- [Work required]
Once the line with "Certified 2024 Land" is found in the entries below, repeat it and each following line exactly, up to and including the line with "фото отеля Lupis Apartments Loviste". Add no other lines.

(Crawled caption data)

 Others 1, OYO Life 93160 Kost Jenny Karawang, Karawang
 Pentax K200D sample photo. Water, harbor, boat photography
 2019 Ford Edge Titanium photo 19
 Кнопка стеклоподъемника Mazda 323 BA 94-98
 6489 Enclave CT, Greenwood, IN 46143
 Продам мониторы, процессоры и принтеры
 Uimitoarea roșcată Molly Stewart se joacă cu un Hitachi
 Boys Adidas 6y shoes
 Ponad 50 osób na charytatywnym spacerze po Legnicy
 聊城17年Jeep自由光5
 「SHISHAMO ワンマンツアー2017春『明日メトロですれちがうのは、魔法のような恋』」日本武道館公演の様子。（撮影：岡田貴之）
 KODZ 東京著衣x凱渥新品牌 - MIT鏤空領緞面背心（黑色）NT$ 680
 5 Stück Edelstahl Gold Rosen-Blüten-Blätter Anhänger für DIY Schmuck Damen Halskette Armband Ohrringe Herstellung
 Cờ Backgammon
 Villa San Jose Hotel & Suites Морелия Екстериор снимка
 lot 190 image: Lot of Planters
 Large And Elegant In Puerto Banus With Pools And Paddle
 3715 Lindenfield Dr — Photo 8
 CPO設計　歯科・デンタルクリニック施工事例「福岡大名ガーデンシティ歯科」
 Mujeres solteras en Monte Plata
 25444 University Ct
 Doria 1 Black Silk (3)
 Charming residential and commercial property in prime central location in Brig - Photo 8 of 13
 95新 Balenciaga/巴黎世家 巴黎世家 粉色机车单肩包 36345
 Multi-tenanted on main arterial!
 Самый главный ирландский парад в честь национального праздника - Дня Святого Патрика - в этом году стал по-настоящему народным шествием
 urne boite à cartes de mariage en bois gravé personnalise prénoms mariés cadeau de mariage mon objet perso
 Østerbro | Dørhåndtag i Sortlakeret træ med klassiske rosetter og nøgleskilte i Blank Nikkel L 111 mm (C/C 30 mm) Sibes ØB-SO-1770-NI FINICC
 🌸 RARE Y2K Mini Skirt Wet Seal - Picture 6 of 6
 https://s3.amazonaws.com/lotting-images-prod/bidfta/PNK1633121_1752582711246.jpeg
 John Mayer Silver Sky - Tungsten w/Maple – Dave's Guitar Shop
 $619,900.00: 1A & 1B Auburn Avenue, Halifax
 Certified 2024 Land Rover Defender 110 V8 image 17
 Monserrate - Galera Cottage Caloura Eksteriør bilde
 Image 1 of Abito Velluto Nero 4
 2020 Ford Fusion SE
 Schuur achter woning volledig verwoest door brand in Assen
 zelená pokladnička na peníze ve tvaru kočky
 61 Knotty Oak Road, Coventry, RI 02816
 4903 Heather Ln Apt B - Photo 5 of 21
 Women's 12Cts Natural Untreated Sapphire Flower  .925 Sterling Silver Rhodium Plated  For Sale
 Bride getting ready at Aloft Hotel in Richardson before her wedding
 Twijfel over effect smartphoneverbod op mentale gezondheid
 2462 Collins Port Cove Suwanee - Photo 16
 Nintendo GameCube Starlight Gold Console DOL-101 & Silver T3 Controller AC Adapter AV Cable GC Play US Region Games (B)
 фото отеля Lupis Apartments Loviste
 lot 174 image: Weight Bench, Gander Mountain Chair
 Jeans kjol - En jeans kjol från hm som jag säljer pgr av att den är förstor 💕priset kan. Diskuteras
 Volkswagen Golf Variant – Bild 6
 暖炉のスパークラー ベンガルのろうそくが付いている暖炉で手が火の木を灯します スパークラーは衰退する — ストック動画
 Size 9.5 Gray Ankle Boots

- [Answer area]
 Certified 2024 Land Rover Defender 110 V8 image 17
 Monserrate - Galera Cottage Caloura Eksteriør bilde
 Image 1 of Abito Velluto Nero 4
 2020 Ford Fusion SE
 Schuur achter woning volledig verwoest door brand in Assen
 zelená pokladnička na peníze ve tvaru kočky
 61 Knotty Oak Road, Coventry, RI 02816
 4903 Heather Ln Apt B - Photo 5 of 21
 Women's 12Cts Natural Untreated Sapphire Flower  .925 Sterling Silver Rhodium Plated  For Sale
 Bride getting ready at Aloft Hotel in Richardson before her wedding
 Twijfel over effect smartphoneverbod op mentale gezondheid
 2462 Collins Port Cove Suwanee - Photo 16
 Nintendo GameCube Starlight Gold Console DOL-101 & Silver T3 Controller AC Adapter AV Cable GC Play US Region Games (B)
 фото отеля Lupis Apartments Loviste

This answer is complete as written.